Jolson clucked to his horse and rattled away down the road, muttering sour remarks.

The old gentleman, with the air of a man who has satisfied his philanthropic ambitions, climbed into his chaise and followed the farmer.

The brisk breeze flirted the tails of the frock-coat and the trousers legs tried out a modest little gig as if some of the jocose spirit of the old gentleman had remained with the garments he had discarded.

There were several passers before another half-hour had elapsed.

The trousers kicked out quite hilariously when a young couple drove by in a buggy. The girl was pretty, and companionship with her might have suited even a judge's garments. But the young man and the girl were quite absorbed in each other, and the trousers kicked and the frock-coat flirted ineffectually.

A peddler's cart passed very slowly, but the driver did not look up from a paper filled with figures.

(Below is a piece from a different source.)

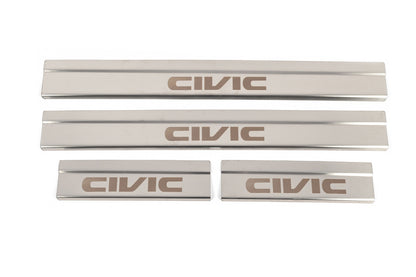 Door Sill Covers (4 pcs, Stainless Steel) for Honda Civic Sedan X 2016-2021 - image 1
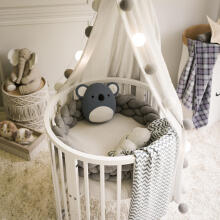 Elf Bed Crib Roundy  Art.298159 Nut Stiilne ümmargune puidust võrevoodi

There were others to whom the judge's garments offered themselves mutely, but no one glanced that way and the clock was discreetly silent. The breeze died down and the trousers and the coat hung with a sort of homeless, homesick, and wistful air. One might have thought they were trying to conceal themselves when the next person appeared, so still were they. He was not an inviting person--not such a new lord and master as a judge's garments might be expected to welcome.

He was grossly fat and his own trousers were lashed about his bulging waist with a frayed belt; his coat was sun-faded, a greasy Scotch cap was pulled over to one side on his head with the peak hauled down upon his ear, and he scuffed along in boots that were disreputable. Surely, a most unseemly and unwholesome character to be wrapped in the habiliments of a judge! But just then, with that cursed inappropriateness of inanimate things, the clock jangled its alarm.

The tramp--there was no mistaking that gait and that general air of the vagrant--snapped himself about, located the noise, stared at the post, and then hurried to it. He made sure that there was no one in sight. He scooped all into his arms, climbed the fence and trotted into the woods. He kept looking behind him as if he feared pursuit. It was plain from his disturbed demeanor that he was much perplexed and was chased by the uncomfortable thought that he was stealing this property. He bestowed so much attention behind him that he paid but little attention to what was ahead of him, and so he ran down into a little bowl of a valley among the trees and stopped short there, for he had come upon a man.

It was the man who called himself Walker Farr.

The man was kneeling beside a tiny fire, toasting bread on the end of a beech twig. He held the twig in one hand and an open book in the other. He looked up without changing his position when the tramp came charging down the hillside.

He had wide-open, brown eyes, this man in the hollow. The eyes were not merely wide open on account of surprise at this irruption--one could see that they were naturally that way--keenly observant eyes. He had hair as brown as his eyes; his cap was on the ground beside him.

But the tramp was not taking account of the attractions of this stranger; he was more interested in searching for flaws.

He had been frightened at first sight of the man--for the tramp had the timidity of his kind; now he began to feel cheered. This stranger in the hollow had not been shaved recently, his clothing was unkempt, his shoes bore the marks of a long hike. He was cooking in the open--plain indication of the nomad.

“Well, I say, bo,” chaffed the tramp, shifting from fright to high spirit with the hysteria of weak natures. “I'm sure glad to see one of the good old sort. I didn't know what I was dropping in on when I fell down that hill. But it's all right, hey? I'm on the road. My name is Boston Fat, and my monacker is a bean-pot.”